"""

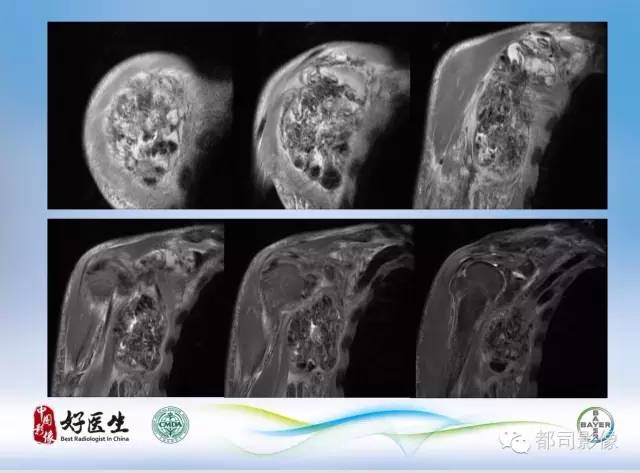 【PPT】骨关节影像病例分析
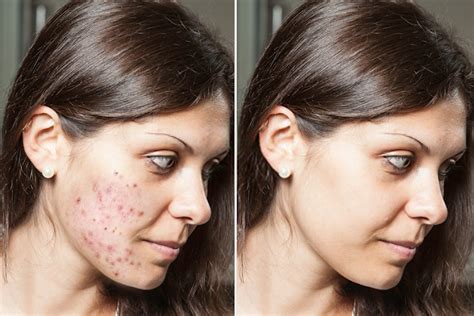 How To Remove Acne Scars And Pimples Marks With Cucumber Get Clean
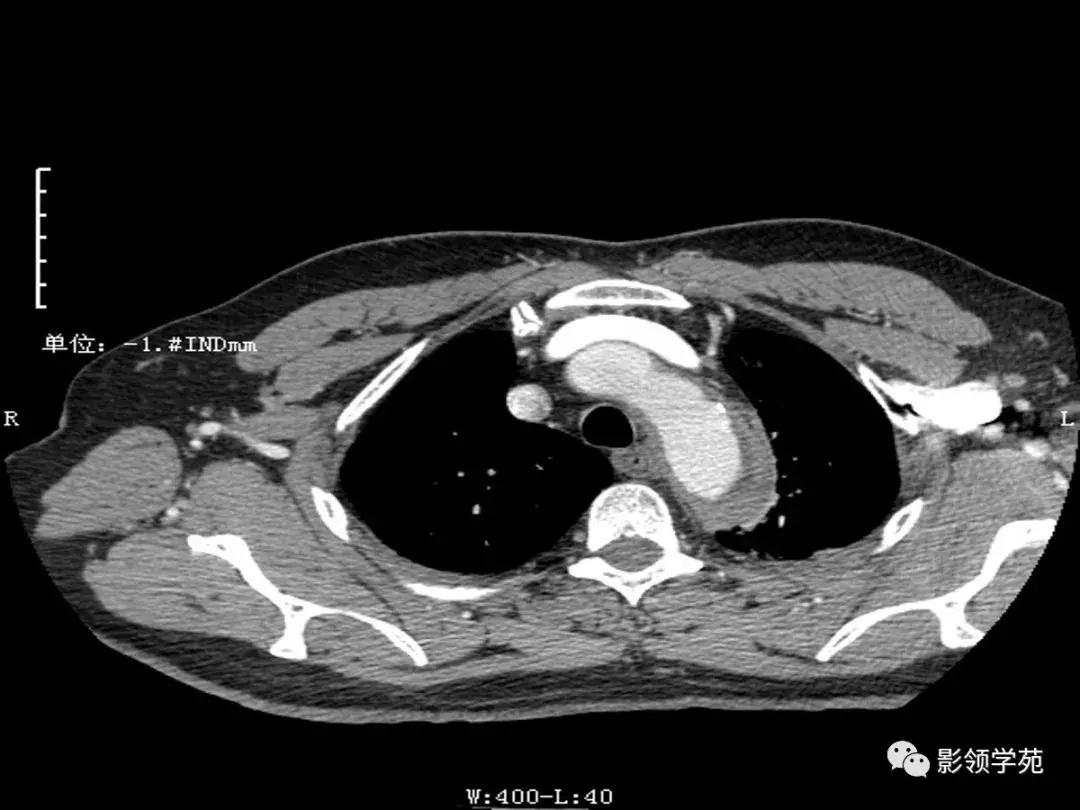 主动脉壁间血肿护理查房,主动脉夹层和壁间血肿图片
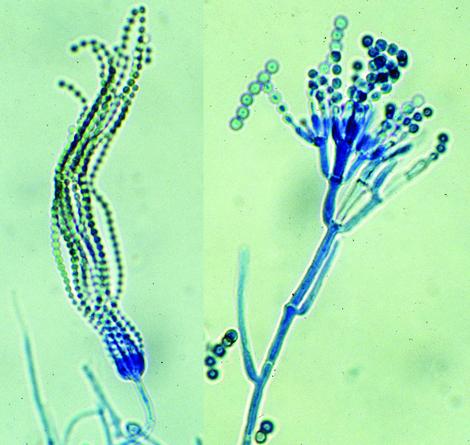 Penicillium micro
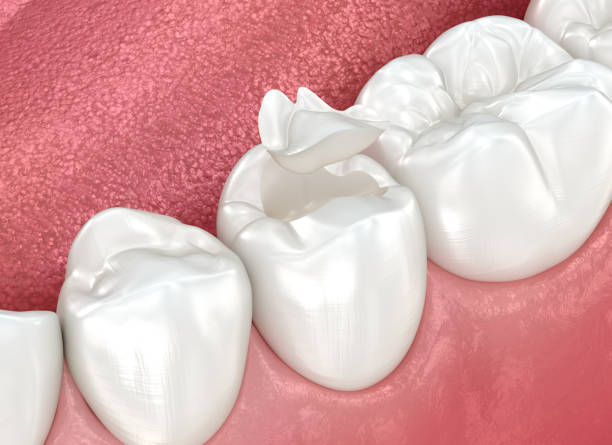 Dental Inlays and Onlays in Island Lake, IL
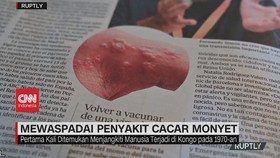 VIDEO: Mewaspadai Penyakit Cacar Monyet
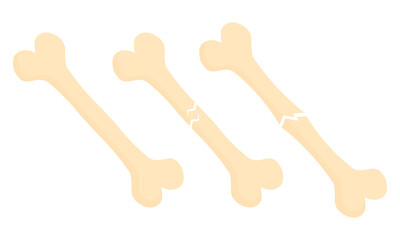 illustration of broken bones and normal bones on a medical theme on a white background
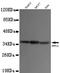 Protein Phosphatase 1 Catalytic Subunit Alpha antibody, STJ99090, St John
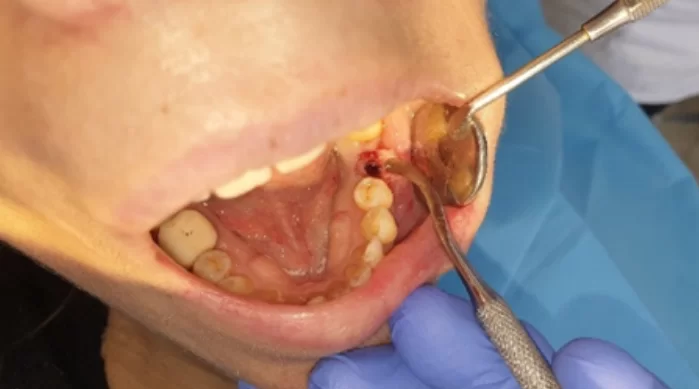 Single implant screw-retained restoration after extraction of a tooth affected by cystic granuloma single implant screw retained restoration after extraction of a tooth affected by cystic granuloma
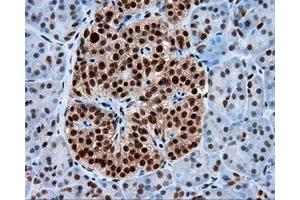 Immunohistochemical staining of paraffin-embedded Adenocarcinoma of colon tissue using anti-KIAA1609 mouse monoclonal antibody. (KIAA1609 anticorps)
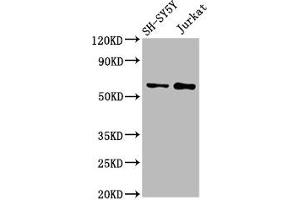 Western Blot Positive WB detected in: SH-SY5Y whole cell lysate, Jurkat whole cell lysate All lanes: MGAT4B antibody at 3 μg/mL Secondary Goat polyclonal to rabbit IgG at 1/50000 dilution Predicted band size: 64, 65 kDa Observed band size: 64 kDa (MGAT4B Antikörper  (AA 380-522))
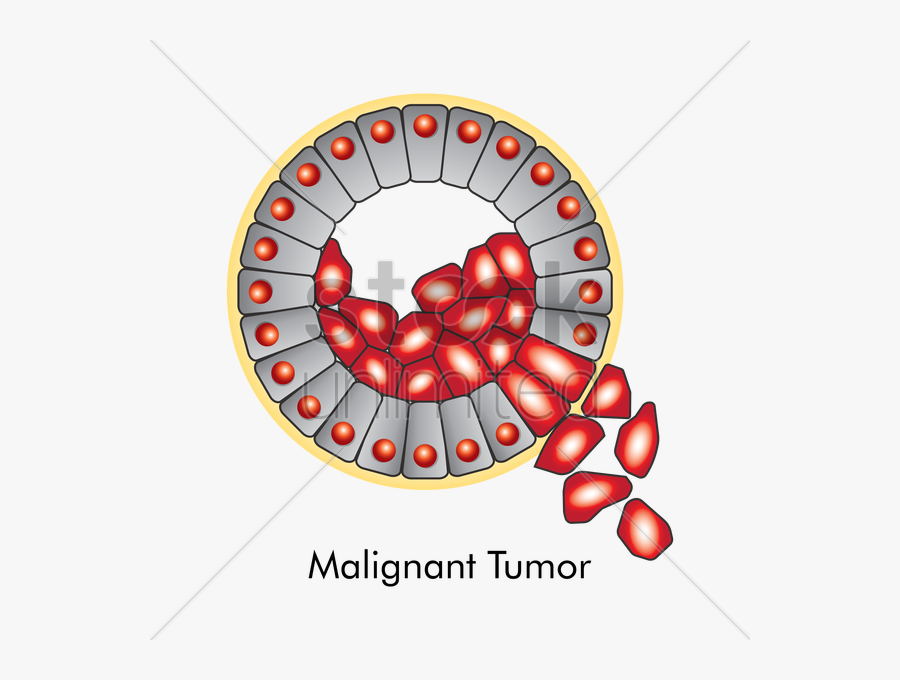Benign Tumor Clipart, Transparent Clipart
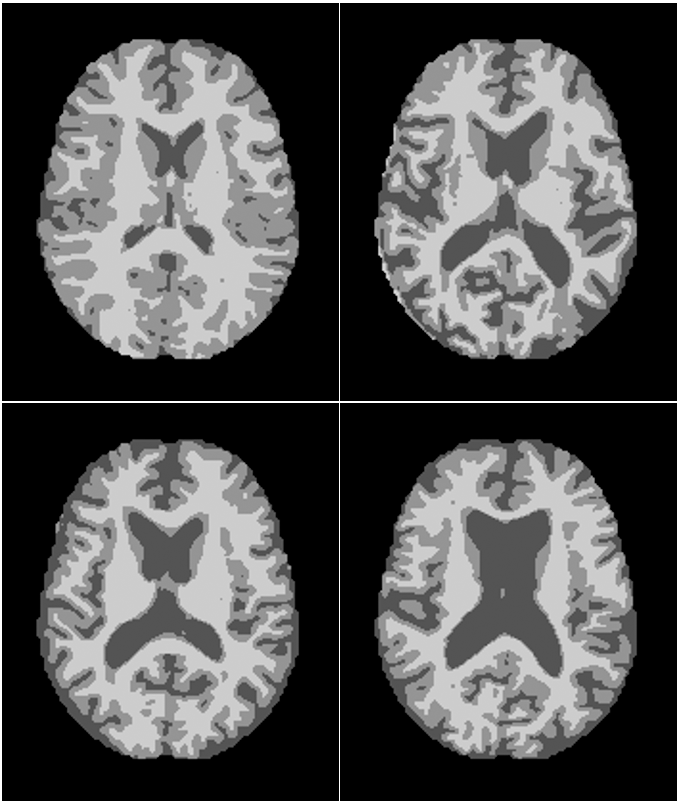 Patrón de agrandamiento de los cuencos cerebrales y
adelgazamiento de la materia blanca en diferentes categorías de Alzheimer
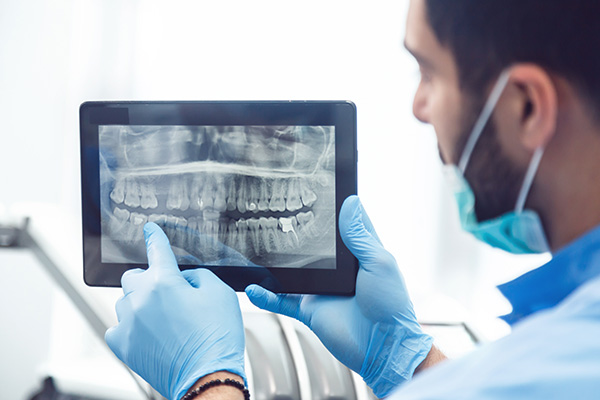 General Dentistry: Are Dental X-rays Recommended? from Metcalf Dental in Oak Brook, IL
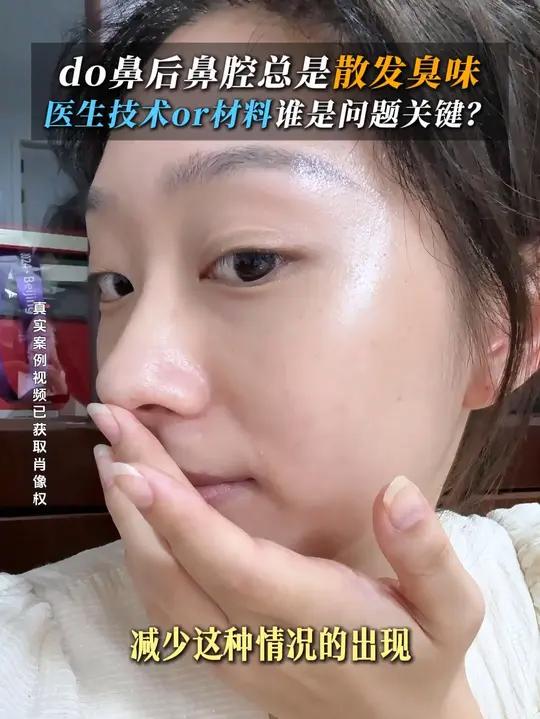 do鼻后鼻腔总是散发臭味,医生技术or材料谁是问题关键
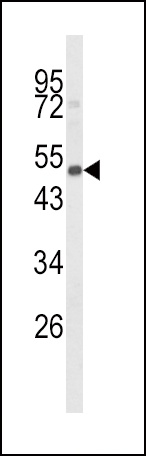 CYP24A1 Antibody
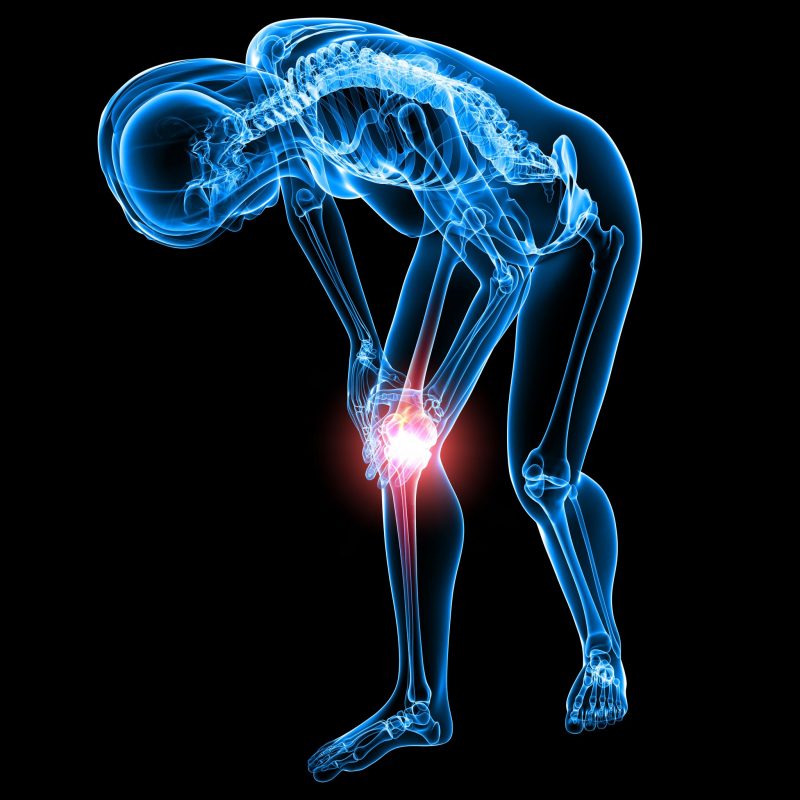 IBS: How to Find Relief with Acupuncture Treatments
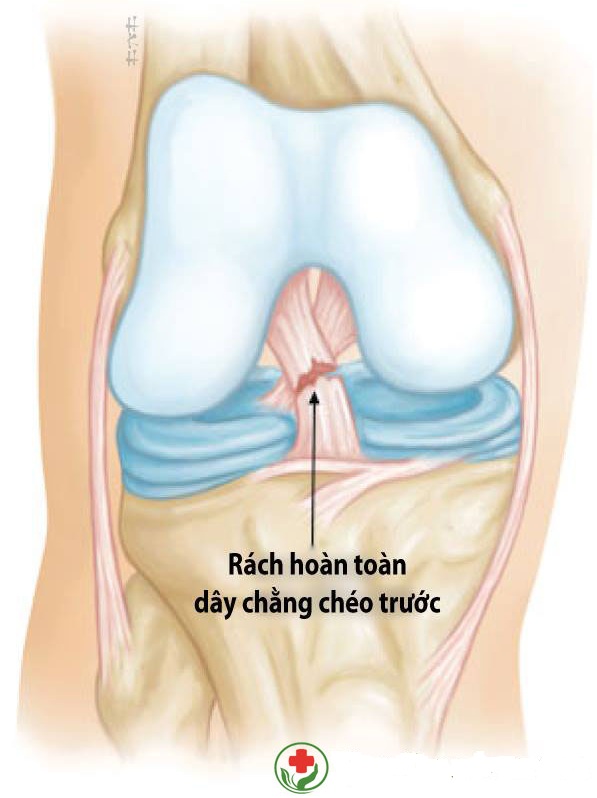 Rách dây chằng trước khớp gối là gì?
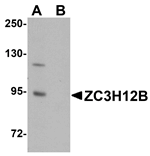 Anti-ZC3H12B Antibody
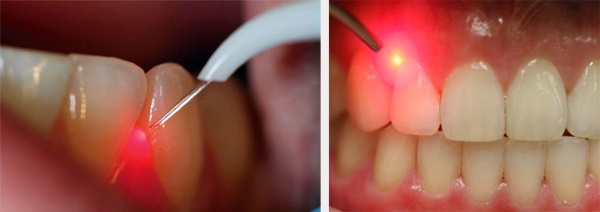 Лечение пародонтоза лазером. Отзывы, цена, противопоказания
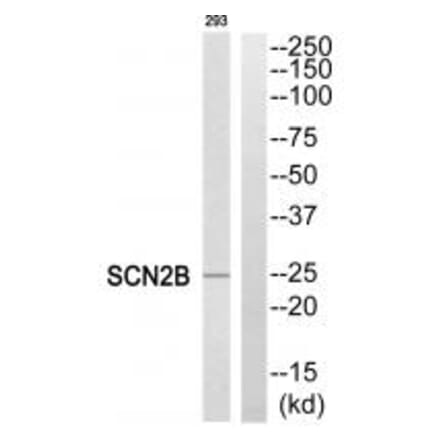 Western blot - SCN2B Antibody from Signalway Antibody (35057) - Antibodies.com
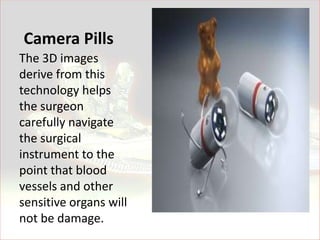 Camera Pills
The 3D images
derive from this
technology helps
the surgeon
carefully navigate
the surgical
instrument to the
point that blood
vessels and other
sensitive organs will
not be damage.
 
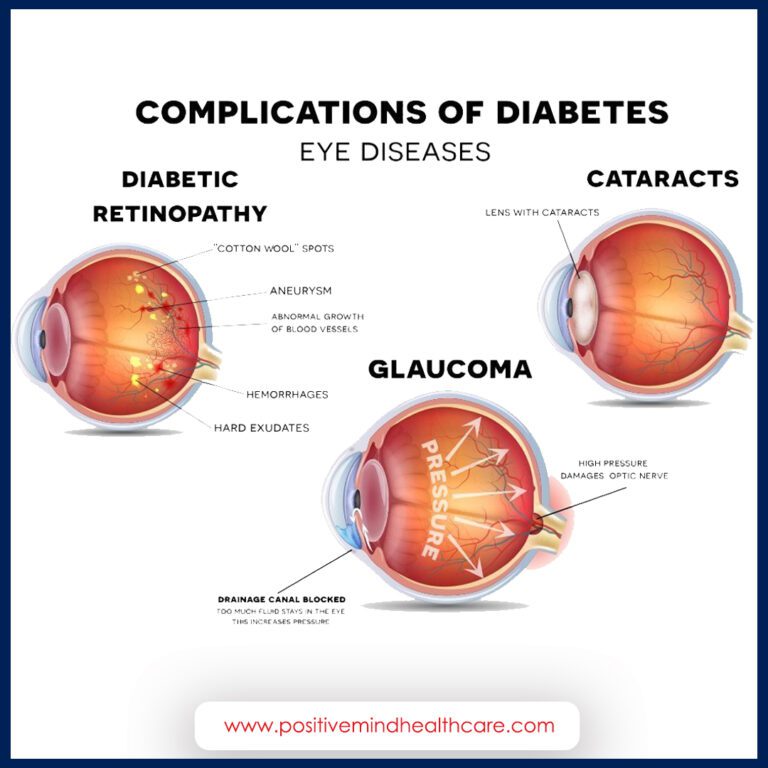Effects Of Diabetes On Vision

"""

▶ [TASK TO COMPLETE] In the copy, include each line from the start of the material through the line with "Single implant screw-retained", word for word, but none of the pictures.

▶ [SOLUTION]
 【PPT】骨关节影像病例分析
 How To Remove Acne Scars And Pimples Marks With Cucumber Get Clean
 主动脉壁间血肿护理查房,主动脉夹层和壁间血肿图片
 Penicillium micro
 Dental Inlays and Onlays in Island Lake, IL
 VIDEO: Mewaspadai Penyakit Cacar Monyet
 illustration of broken bones and normal bones on a medical theme on a white background
 Protein Phosphatase 1 Catalytic Subunit Alpha antibody, STJ99090, St John
 Single implant screw-retained restoration after extraction of a tooth affected by cystic granuloma single implant screw retained restoration after extraction of a tooth affected by cystic granuloma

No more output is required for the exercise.